James Joyce once said of Ulysses, "I want to give a picture of Dublin so complete that if the city suddenly disappeared from the earth it could be reconstructed out of my book."
I'd say that's my goal for this blog when it comes to baseball.
Here is a brief list of my baseball credentials:
When I was 8 years old, I had a spiked mullet in an homage to my favorite player, Jose Canseco.
I started checking out the American League Red Book and the National League Green Book at my local library when I was 10.
When I was 14 years old, I won a competition sponsored by Upper Deck to see who could build the largest structure out of Upper Deck baseball cards. Each kid got paired with a former Major Leaguer. I lucked out and got paired with Bob Forsch who was ultra-competitive about the whole thing and together we built a 27-story card tower, winning me 6 boxes of 1998 Upper Deck baseball cards, which in 14-year-old-baseball-card-fan-adjusted-dollars was worth approximately $72 million.
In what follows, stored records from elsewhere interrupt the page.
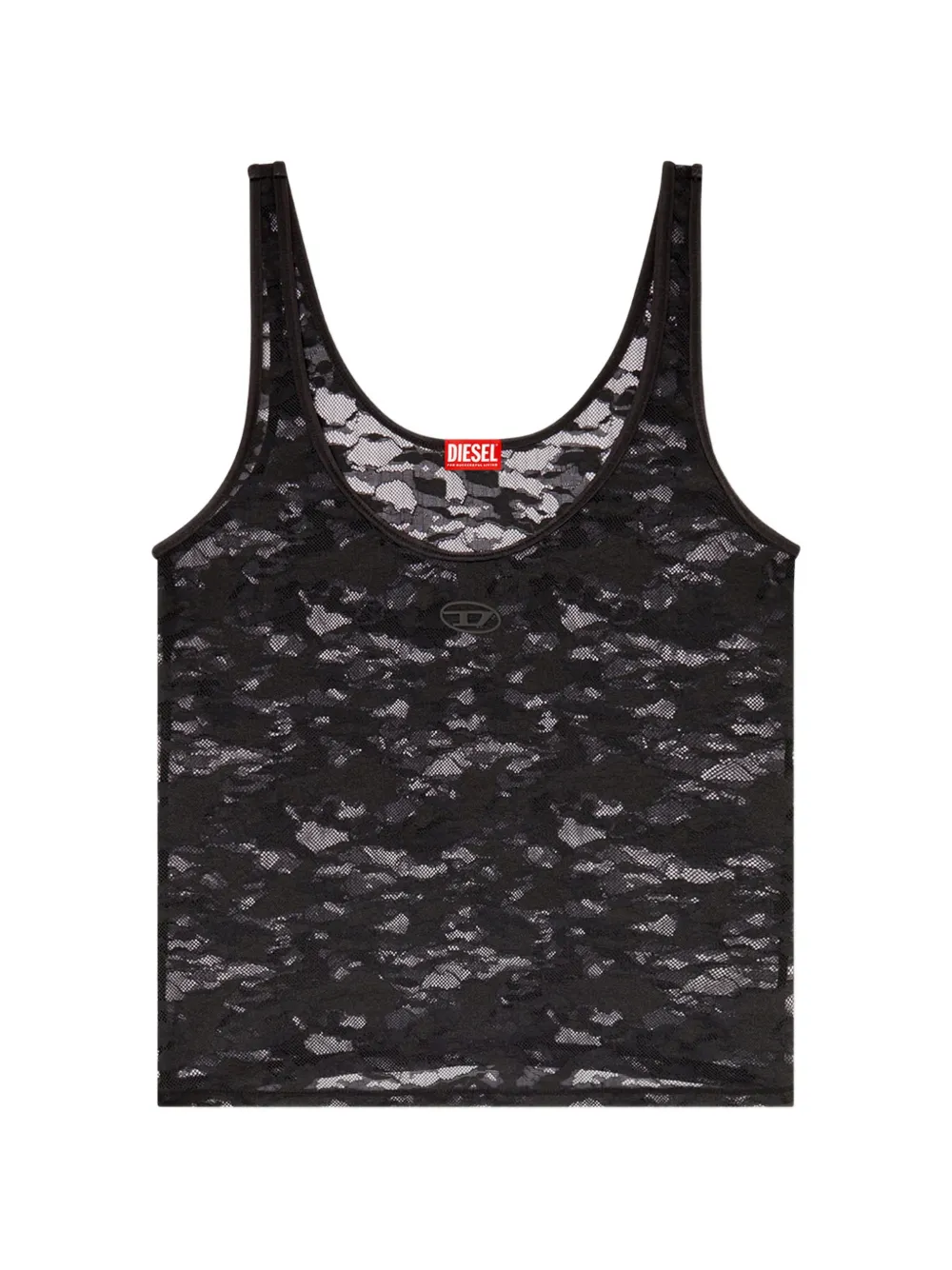 Diesel camouflage-lace top - Nero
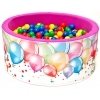 Bällebad pink mit bunten Bällen mit Luftballons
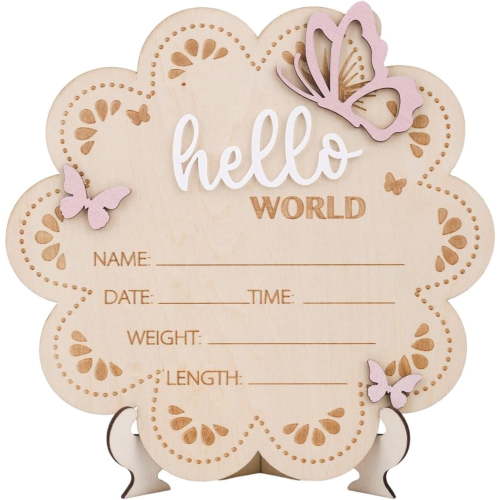 Wooden Baby Announcement Sign, 7x6.81in Butterfly Hello World Newborn Sign Baby Name Plaque Board Newborn Welcome Signs for Babies Shower Hospital Nursery Decor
In middle school, I wrote a short book evaluating the best player from each decade for a school project. From this point through my Master's degree, pretty much every "choose your own subject" school project was baseball-related.
I was a little league umpire for a few seasons in high school. I once had to call an 8-year-old out for leaving the field of play after peeing his pants. Sorry kid, rules are rules.
In high school baseball, a friend and I once tried to get practice cancelled by burying all of the team's baseballs in the long jump sand pit on the track. Surprisingly, this did not work.
When I was a senior in high school, I spent a good amount of AP Calculus class time writing a baseball simulation on my TI-83 calculator. I'm still pretty shaky on the chain rule for derivatives as a result.
I once gave a 10-minute presentation on how to keep score in a baseball game as part of a job interview at a tech company and somehow still got the job.
So you probably shouldn't trust much of what I say here. But hey, you're already here, so you might as well go ahead and look around.